- [INFORMATION SHOWN]:
......
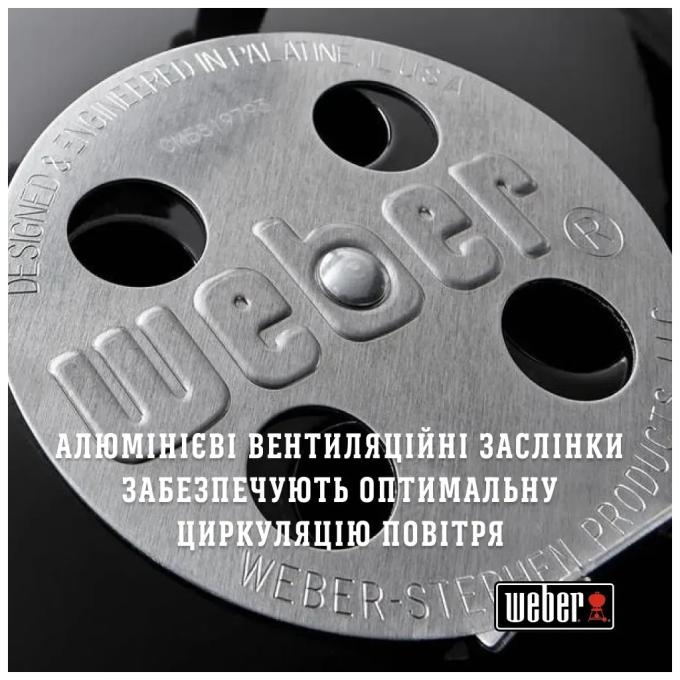 Weber 1321004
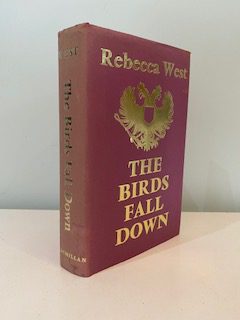WEST, Rebecca - The Birds Fall Down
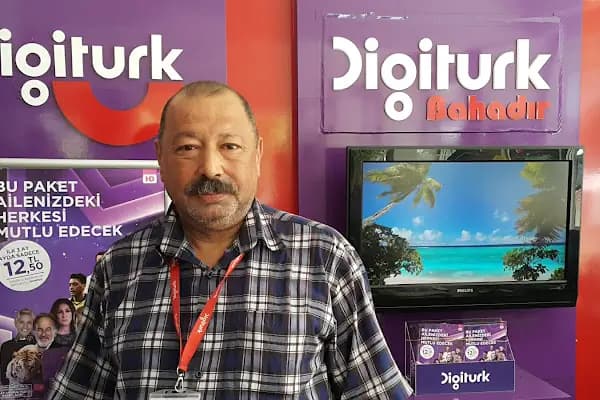 Digiturk Bahadir teknoloji Teknik Servis Ve Elektronik Cihazlar tedarik hizmetleri - Kablolu Yayın Şirketi - İstanbul Avcılar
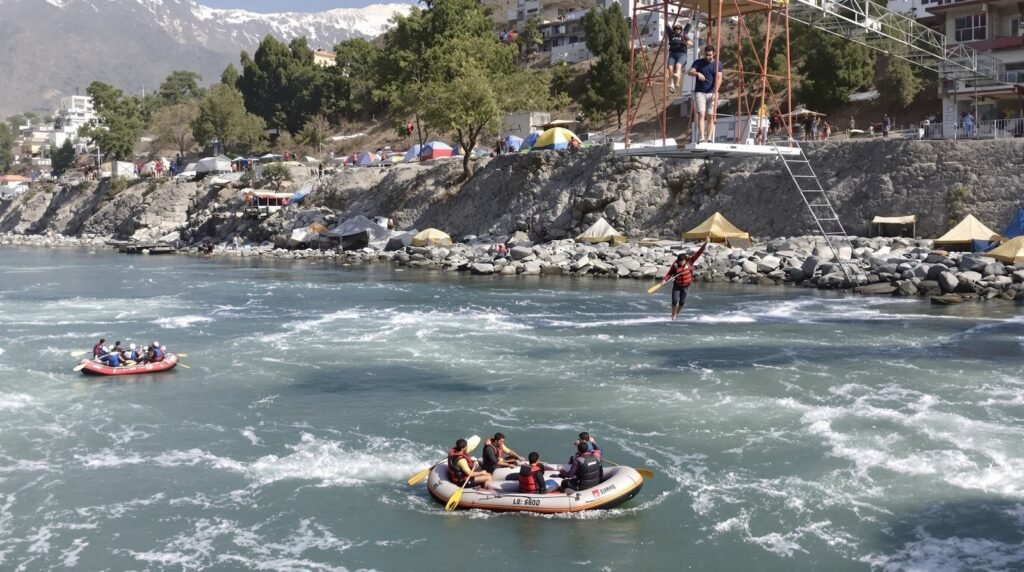 Rishikesh, Uttarakhand: The Yoga Capital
......
- [REQUIRED ACTION]: Hand back exactly the lines from the one with "Digiturk Bahadir teknoloji" through the last line of the data above, both ends included, with every picture left out.

- [OUTPUT FOR THIS EXERCISE]:
 Digiturk Bahadir teknoloji Teknik Servis Ve Elektronik Cihazlar tedarik hizmetleri - Kablolu Yayın Şirketi - İstanbul Avcılar
 Rishikesh, Uttarakhand: The Yoga Capital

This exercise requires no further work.